Provide team with decision rules

Another adjustment in how agile teams approach the work is a focus on decentralized decision-making.  We already know that decisions for the direction of the product are decentralized to the Product Owner, but there is an opportunity to further decentralize the very small decisions to the team.  This is only viable if the Product Owner creates and clearly communicates a decision model for team members to follow.  This allows the small tweaks that were once forbidden to now become economically viable.  By this I mean that if we can make small adjustments without the overhead of a formal change control process, we can increase the value of the adjustment by reducing the cost of the decision to do it.  With this model, small value-add tweaks made by the team can have a sizable economic return.

Communicate to the larger whole

The Product Owner is responsible for making decisions visible outside of the team and for communicating the product direction and the status of forecasted deliveries.  Through transparency of progress against forecasts and product scoping decisions, the Product Owner manages stakeholder expectations and the risks inherent in decentralizing decision-making authority.  There are a countless number of ways to achieve this high level of transparency, all of which follow the pattern communicate, communicate, communicate, and communicate again.  Product Owners that have been highly successful in creating transparency have used many different mediums for communicating.  They use easily understood visuals and graphs, clear and concise emails and status reports, and frequent face-to-face communication.  However transparency is implemented, the goal remains the same; full disclosure.

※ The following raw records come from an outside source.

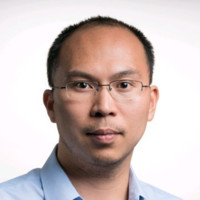 Riqi Su
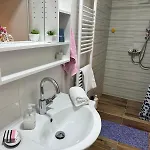 아파트 Elato *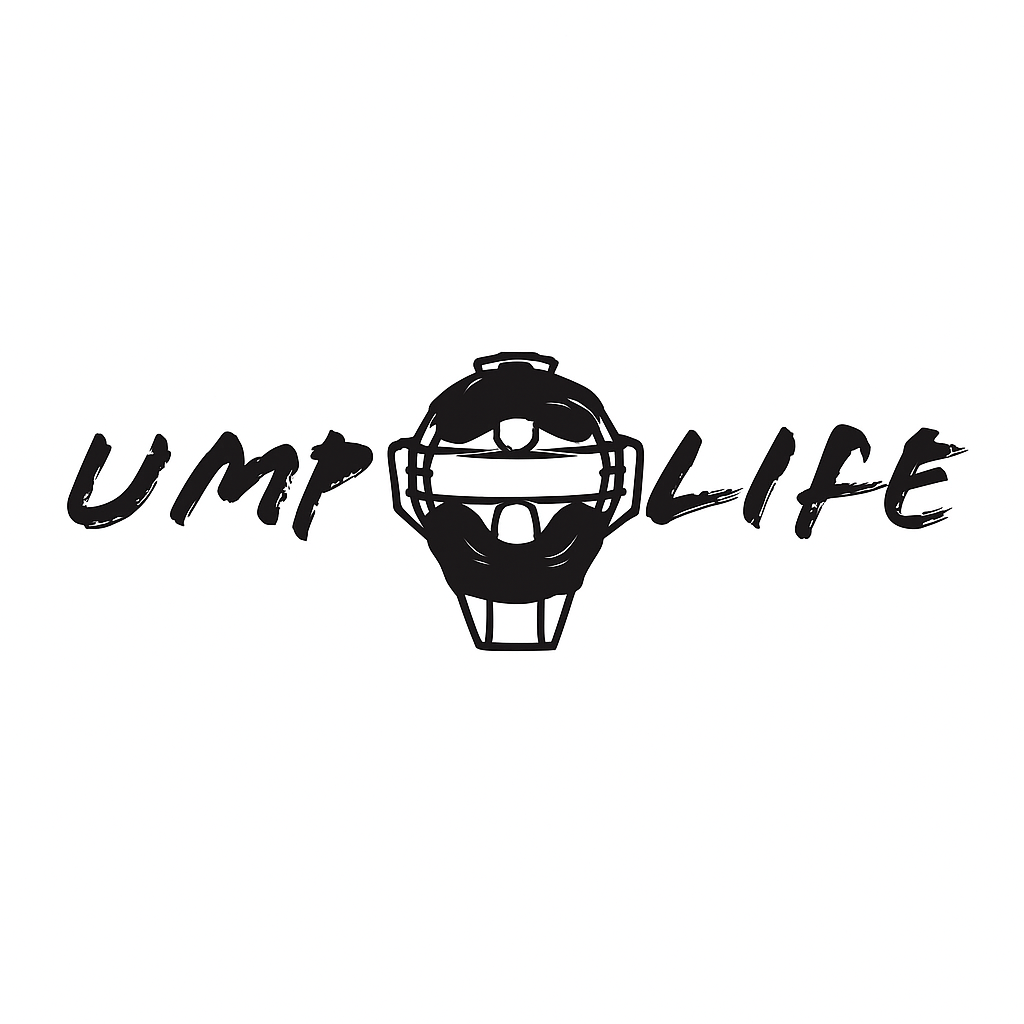 UmpLife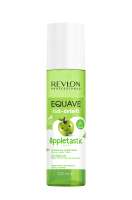 Revlon Professional Equave Kids Detangling Conditioner Appeltastic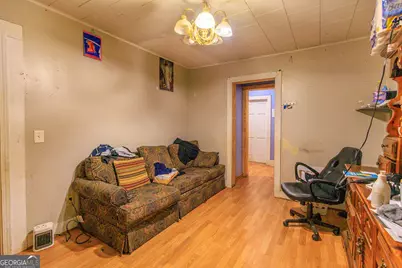 241 Killian Street, Canton, GA 30114 - Photo 8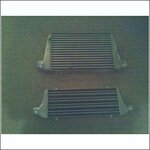 intercooler2.jpg
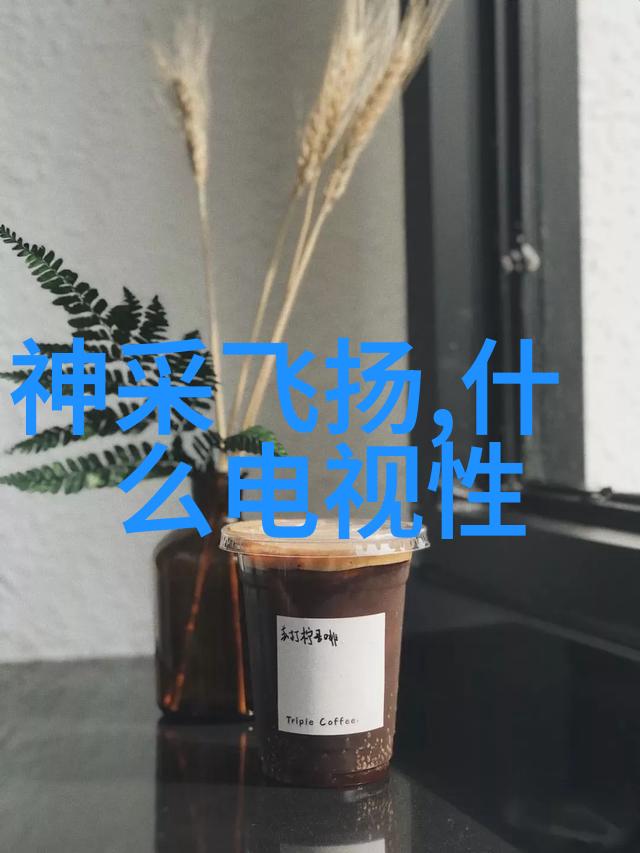 pe排水管可以自我修复损伤吗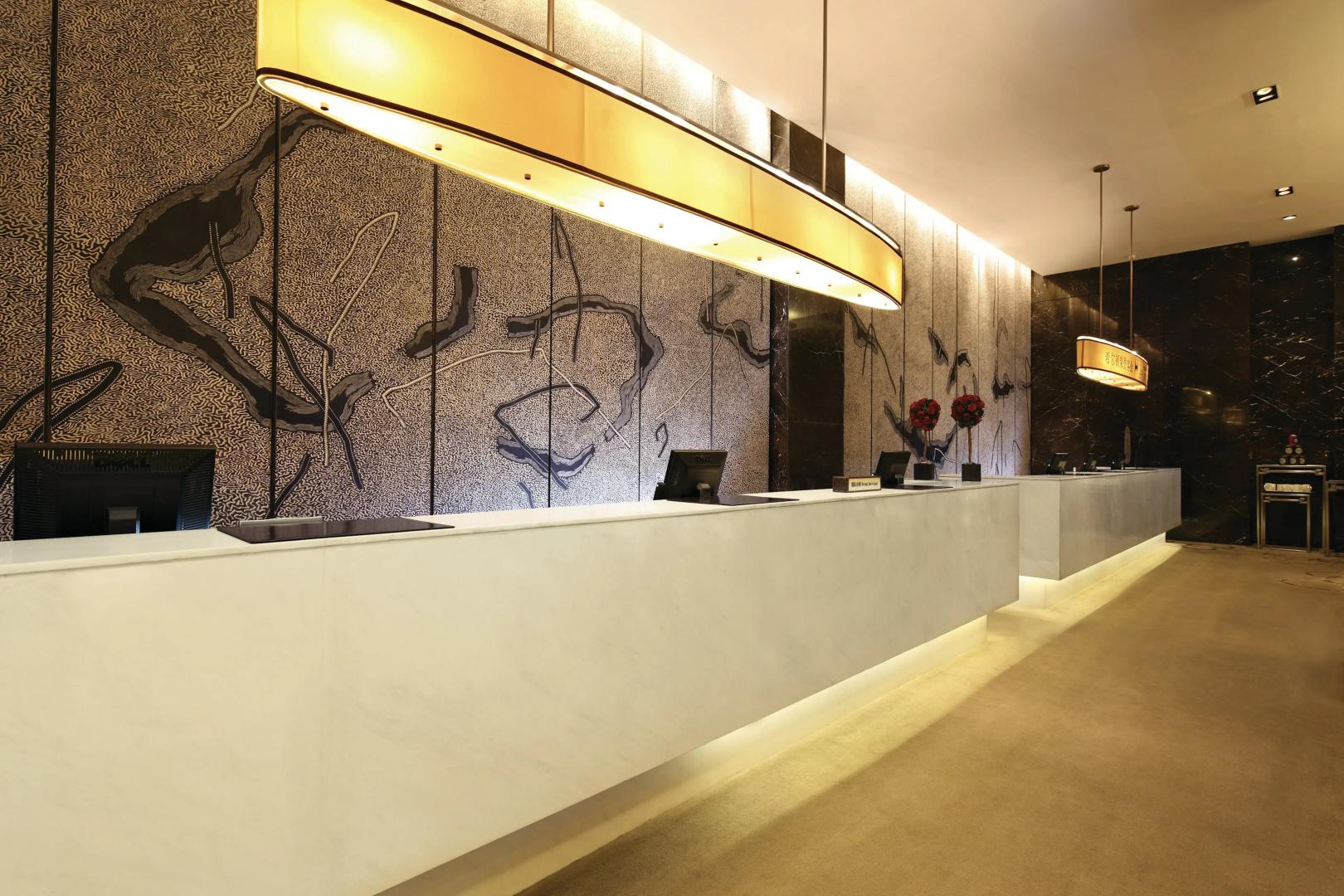 Photo - DoubleTree by Hilton Beijing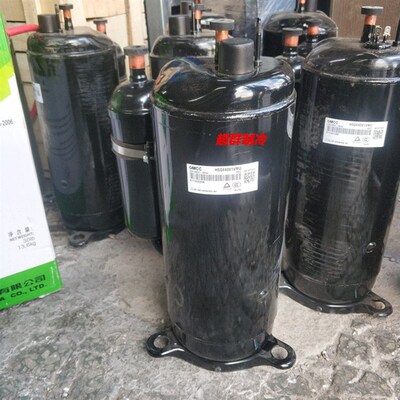HSQ440V1VMU HTG340V1UMU ATQ420D1美芝压缩机HTQ440Y1UMP ATW590
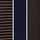 Blue/Brown/Stripe
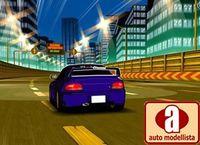 Imagen 50 de Auto Modellista para PlayStation 2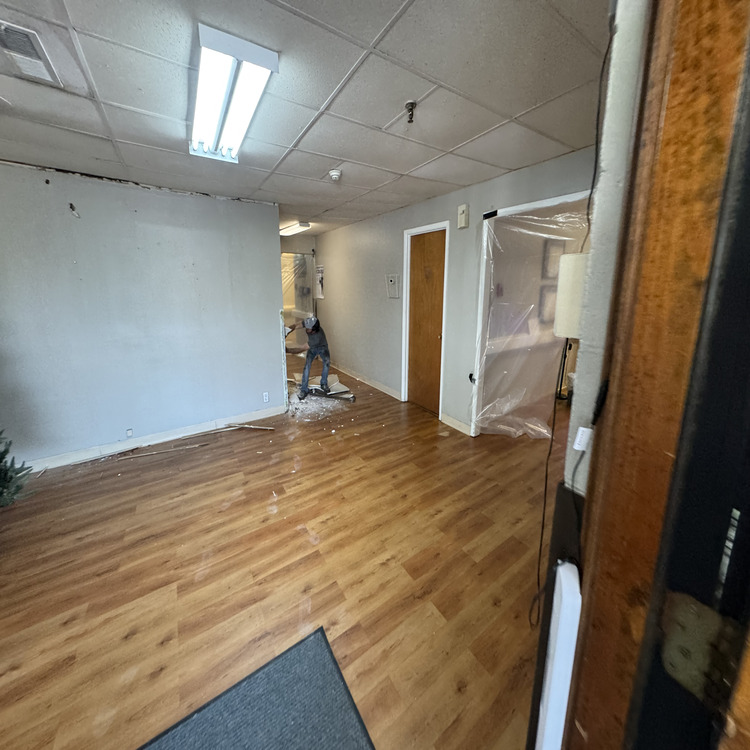 Remodeling and Construction in Longview, TX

There are many changes in the way teams approach the work in an agile environment and the Product Owner plays a key role in shaping that approach.  To enable the transition to an agile approach, you must invest in Product Owner Competency that focuses on building empathy for the customer and managing product economics.  Great code does not equal great products.  Great code enables us to solve complex problems.  However, without empathy for our users and economics to drive decisions, our great code may be wasted solving the wrong problem.